Suppose $f_n :[a,b] \rightarrow \mathbb{R}$ are differentiable functions (need not be $C^1$) with $f_n \rightarrow 0$, $f_n ' \rightarrow g$ pointwise. Can we say that $g=0$ in some sense? (Say, a.e.)
In particular, is it possible for $g$ to equal $1$ everywhere?
cf) Interchanging pointwise limit and derivative of a sequence of C1 functions This question deals with the $C^1$ case.

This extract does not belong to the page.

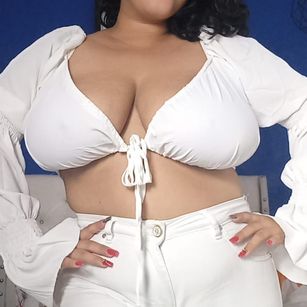 Model - Isobel Adams latina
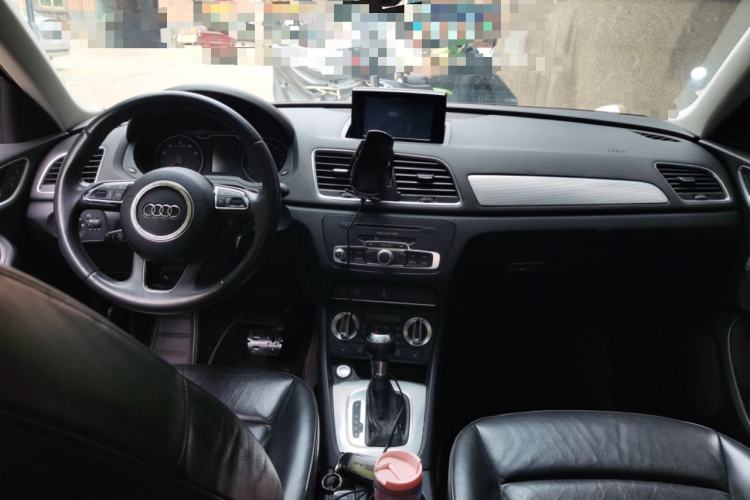 Used Audi Q3 2013 35 TFSI Comfort Model Center Console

Let $f(x) = \{x\} - \lfloor x \rfloor$ be the fractional part of $x$. We have $f'(x) = 1$ if $x \not\in \mathbb{Z}$ but $f'(x)$ undefined if $x \in \mathbb{Z}$. Set $f_n(x) = f(\sqrt{p_n} x)/\sqrt{p_n},$ where $p_n$ is the $n$th prime. We have $f_n \to 0$ pointwise. For the derivatives, for every $x$ there will be maximally one $n$ for which $f_n'(x)$ is not defined. After that $n$ we have $f_n'(x) = 1$ so $f_n' \to 1$ pointwise.
However, we want $f_n'$ to be defined everywhere, so let's try to fix that. Let $\varphi \in C_c^\infty(\mathbb{R})$ be a mollifier and take $(\epsilon_n)$ converging to $0$. Then set $g_n(x) = (f*\varphi_{\epsilon_n})(\sqrt{p_n} x)/\sqrt{p_n},$ where $\varphi_\epsilon(x) = \epsilon^{-1}\varphi(x/\epsilon)$. Then $g_n$ will be smooth and differ from $f_n$ only close to the jumps. Wouldn't this sequence satisfy $g_n \to 0$ pointwise and $g_n' \to 1$ pointwise?